The name, French for ‘the beast blooms’ came from the typical teenage thing scribbled words in a notebook, and resonated for Daniel. ‘I felt it summed up a lot about me at the time, and although it occasionally makes me cringe, I’m still really fond of the band name.’ He jokes that it is not always the easiest name to communicate though. ‘It is a bit of a pain to spell La Bête Blooms out to someone at a bar who wants to know what our bands called. ‘WHAT? LA WHAT BOOMS?!’’
Hull doesn’t have the reputation of being a particularly inspiring place, but La Bête Blooms are evidence that exceptions to that rule to exist. For Daniel, it’s about opportunities. ‘In the past, I don’t think opportunities have been available for many Hull bands to make a name for themselves, to be able to release music to a mass audience or create pieces of art that can leave a lasting impression.
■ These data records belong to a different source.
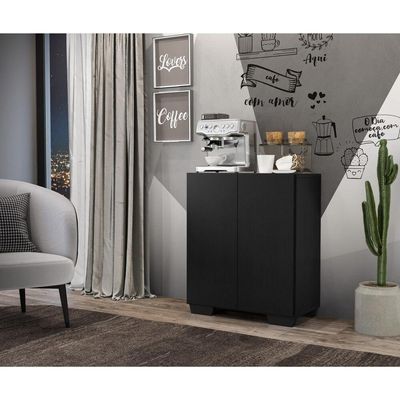 Aparador Buffet 2 Portas Veneza Multimóveis V3610 Preto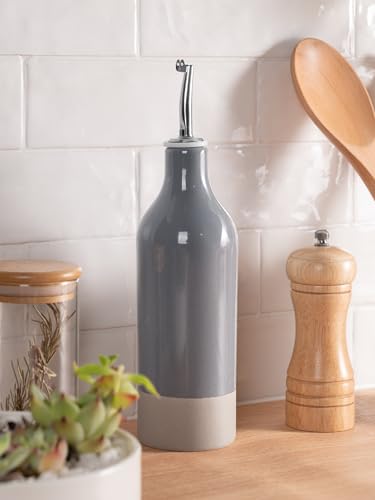 16oz Ceramic Oil Dispenser Bottle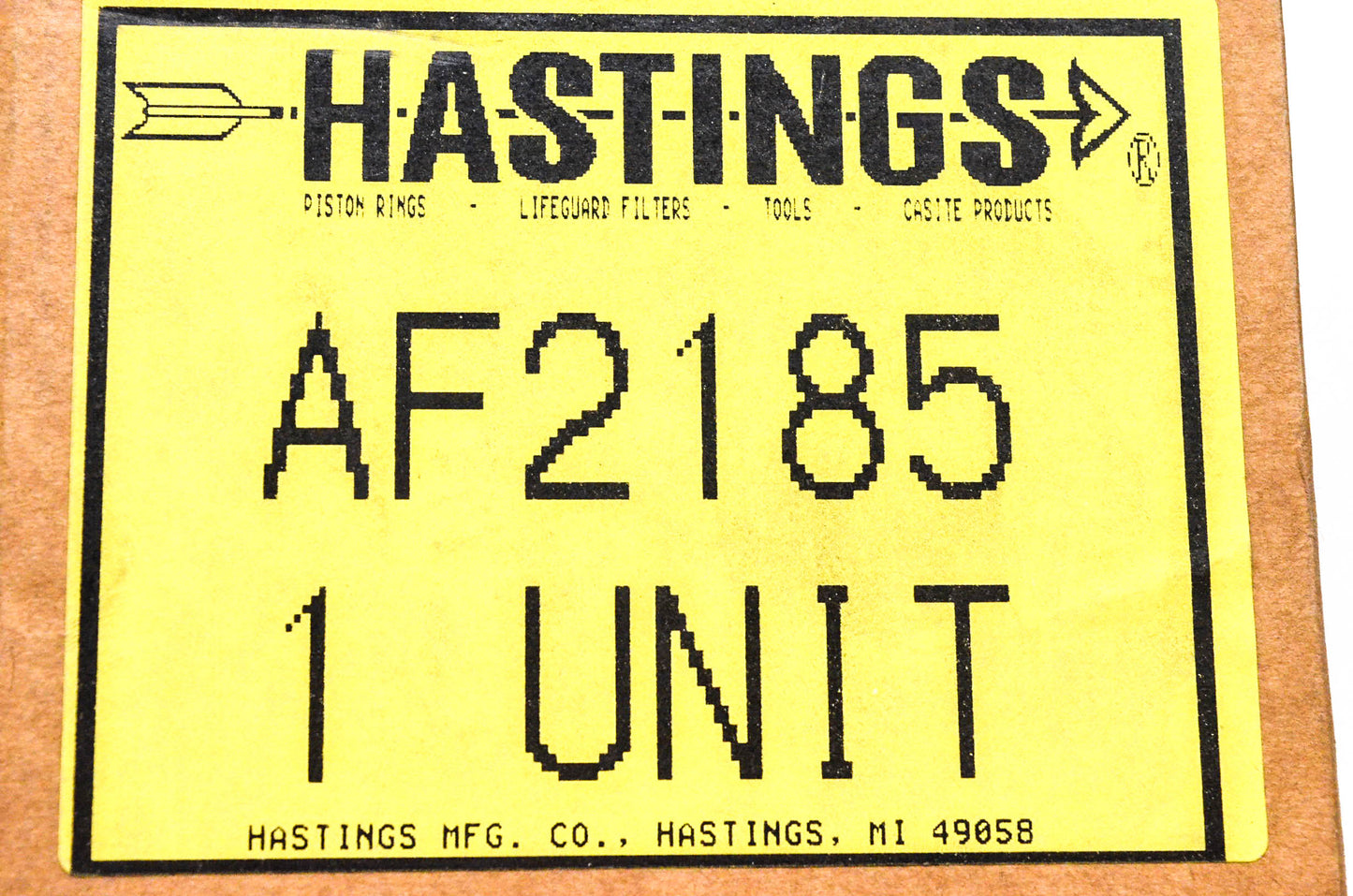 Hastings AF2185 Air Filter NOS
That’s a real shame, because the country’s missing out on some beautiful art and music. Recently, we became City of Culture 2017, which may have baffled some because of Hull’s bad rep but anyone who lives here knows we deserve it.’ There are at least six festivals taking place each year, with the band’s favourite being the Humber Street Sesh – a festival run by local artists, promoters and businesses, and hosts 180 local acts in venues along the marina, with a pop up cinema, street theatre, a silent disco, and live art for £3. Daniel may have a point when he says that ‘It’s I think you’d struggle to find anywhere in England that offers the same.’
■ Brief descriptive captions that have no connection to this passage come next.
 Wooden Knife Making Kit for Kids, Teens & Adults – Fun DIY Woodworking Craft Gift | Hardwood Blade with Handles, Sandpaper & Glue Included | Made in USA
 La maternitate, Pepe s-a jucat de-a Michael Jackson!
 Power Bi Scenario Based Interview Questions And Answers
He believes that the perhaps lack of a musical legacy in Hull offers freedom for performers. ‘What’s happening musically in our city differs from what you’ll hear on the radio or read in the music press. We have some fantastic talent that follows it’s own path. It could be thought that there’s no point following trends from where we’re from, because whatever we do largely goes unnoticed by the music industry.’ But hard work is paying off, and a number of bands are finding airplay and recognition outside of the northern city.
There are certainly some revivalist aspects to the band’s sound, and they all agree that The Pixies are an influence. Awash with distortion, jangling melodies and a little shoegaze, the sounds on their stereo are evident, but not overly cloying – they take without replicating, which is a skill few manage. This might be due to the writing process.
‘Perhaps because I’m so useless at playing guitar, I couldn’t copy a sound or band even if I wanted to. As a band we work hard but I’m personally very lazy and hardly ever sit to write, I rarely ever pick up a guitar unless we have a gig! But every so often I’ll take influence from something random on TV, some music in the background or some topic of conversation and run to a guitar and strum a song about what I’ve seen or heard. Then weeks will pass until I bring it to the rest of the guys who are all into completely different music to me. They’ll end up changing the song to something a million miles away from the original influence. I suppose that’s why it’s easy for us not to sound like a copy band!’
Their self titled EP is released in October, and the process has been a learning curve for the band, having previously only ever recorded mixed and mastered a track in one day. They recorded the skeletons of the songs in Hull before going to Cottage Road Studio in Leeds to finish recording and mix the E.P with Matt Peel. They were drawn to Peel because ‘We liked the energy he captured on other bands releases and wanted to emulate that with ours.’
The summer holds the same as it does for many musicians – festivals, gigs, and more hard work. ‘After that, who knows? As long as we’re busy playing gigs, recording and releasing things, we’re happy.’